Kubuka pintu kaca tersebut dan pemandangan luar biasa langsung menyambutku. Atap menara gereja Fraumünster yang berwarna hijau menjulang tinggi, begitu kontras dengan langit biru yang cerah. Atapnya yang berbentuk kerucut lancip seakan menembus langit. Satu keunikan menara tersebut ialah jam besar yang menghias sekeliling menara bernuasa neo gothic. Tower clock itu merupakan salah satu ciri khas Zurich.
Udara bersih, penduduk yang ramah juga suasana klasik begitu menggodaku untuk menjelajahi kota Zurich. Apalagi, di musim panas seperti ini danau Zurich akan ramai dengan pelancong yang menghabiskan waktu di sana. Berpiknik, berenang atau sekadar berjemur di bawah hangat sinar sang surya.
Tepukan halus mengalihkanku dari petualangan imajinasi. Charllene berdiri dengan isyarat mata untuk segera ke kamar depan. Kamar Arnold.
Dia berbaring di ranjang dengan mata terpejam. Toby baru saja membenahi letak kaki Arnold, mengganjalnya dengan bantal. Dia pasti lelah duduk selama berjam-jam dalam perjalanan tadi. Aku menghampirinya. Dia membuka mata dan menyambutku dengan senyumannya.
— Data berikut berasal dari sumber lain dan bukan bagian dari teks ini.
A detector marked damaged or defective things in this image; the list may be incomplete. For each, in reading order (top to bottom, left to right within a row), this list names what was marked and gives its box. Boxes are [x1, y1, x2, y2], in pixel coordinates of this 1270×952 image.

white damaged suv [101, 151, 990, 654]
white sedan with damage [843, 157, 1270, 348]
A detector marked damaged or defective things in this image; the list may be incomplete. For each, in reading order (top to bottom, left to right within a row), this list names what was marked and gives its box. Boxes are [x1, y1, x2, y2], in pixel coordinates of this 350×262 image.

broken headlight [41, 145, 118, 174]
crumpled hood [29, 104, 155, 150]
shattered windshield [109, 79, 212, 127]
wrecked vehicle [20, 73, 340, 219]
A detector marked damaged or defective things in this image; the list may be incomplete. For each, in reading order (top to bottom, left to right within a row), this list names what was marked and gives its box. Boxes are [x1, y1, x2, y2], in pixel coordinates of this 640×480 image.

"Anda pasti lelah. Mau saya buatkan teh hangat?"
Arnold menggeleng, "aku hanya ingin beristirahat."
"Baiklah!" Aku mengatur AC dengan suhu yang tidak terlalu dingin. Lalu pergi ke luar, meninggalkannya yang terlelap kelelahan.
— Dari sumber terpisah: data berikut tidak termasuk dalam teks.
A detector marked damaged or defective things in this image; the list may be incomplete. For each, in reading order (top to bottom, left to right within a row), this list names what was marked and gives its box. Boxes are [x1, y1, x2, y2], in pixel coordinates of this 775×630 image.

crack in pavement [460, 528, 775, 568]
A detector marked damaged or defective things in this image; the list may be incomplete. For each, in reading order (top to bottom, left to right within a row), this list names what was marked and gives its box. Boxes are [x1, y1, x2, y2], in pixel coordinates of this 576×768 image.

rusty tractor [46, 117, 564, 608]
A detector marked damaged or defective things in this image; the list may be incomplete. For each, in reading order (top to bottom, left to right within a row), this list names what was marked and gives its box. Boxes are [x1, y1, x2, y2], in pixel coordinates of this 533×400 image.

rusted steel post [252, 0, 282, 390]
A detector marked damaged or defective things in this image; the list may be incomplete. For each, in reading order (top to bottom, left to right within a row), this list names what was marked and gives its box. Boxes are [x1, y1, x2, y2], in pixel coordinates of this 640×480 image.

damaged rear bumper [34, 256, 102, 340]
"Kak, aku sudah menyiapkan segala keperluan kakak di sini," ucapnya sambil membuka lemari es yang terisi penuh. Beberapa kabinet lengkap dengan bumbu dapur. Bahkan, ada bumbu instan khas indonesia juga.
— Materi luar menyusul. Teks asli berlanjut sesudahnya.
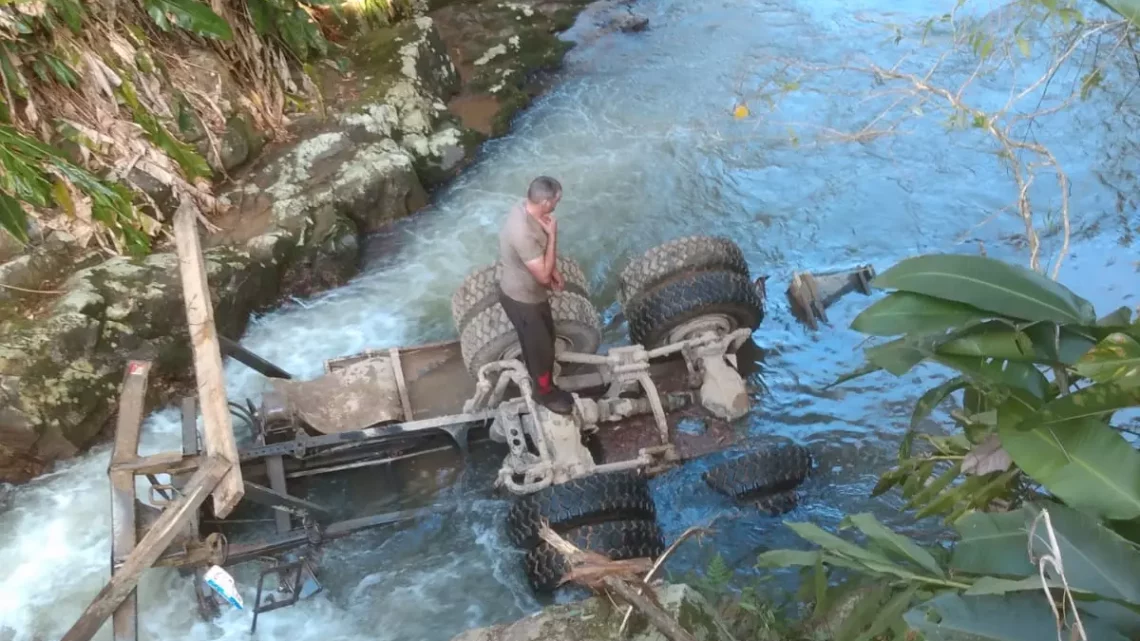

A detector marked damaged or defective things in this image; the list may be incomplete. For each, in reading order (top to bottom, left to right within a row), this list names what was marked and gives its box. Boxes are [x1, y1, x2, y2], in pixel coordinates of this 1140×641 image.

broken bridge plank [109, 358, 151, 640]
broken bridge plank [60, 456, 229, 640]
broken bridge plank [172, 201, 243, 520]
overturned truck [66, 231, 876, 640]
damaged vehicle frame [80, 232, 864, 636]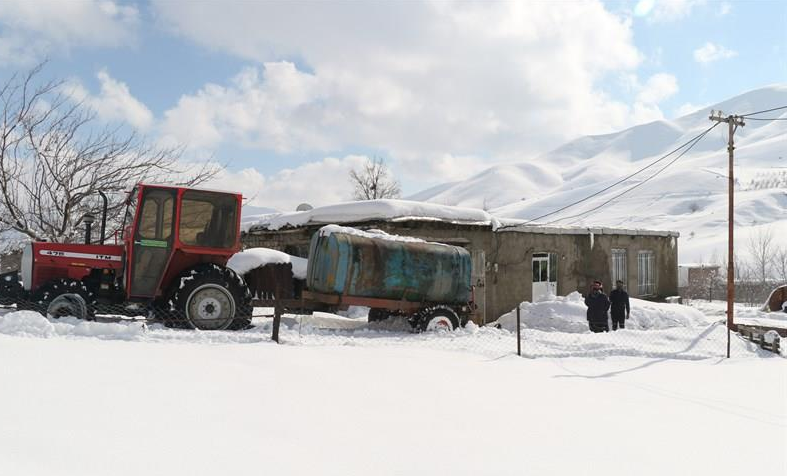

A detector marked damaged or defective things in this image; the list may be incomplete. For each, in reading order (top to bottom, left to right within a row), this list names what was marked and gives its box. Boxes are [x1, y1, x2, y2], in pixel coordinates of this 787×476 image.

rusty tank surface [304, 226, 470, 304]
"Ini?" Aku mengangkat satu kotak berisi berbungkus-bungkus bumbu instan.
"Aku menyuruh Bibi Maria untuk membeli semua bahan itu di Indonesia dan mengirimkannya kemari. Itu semua baru datang kemarin. Aku memang sengaja menyiapkan ini jauh sebelum kalian tahu akan kemari."
"Maksudnya?" Aku mengikuti Charllene duduk di kursi makan dapur dengan wajah bingung.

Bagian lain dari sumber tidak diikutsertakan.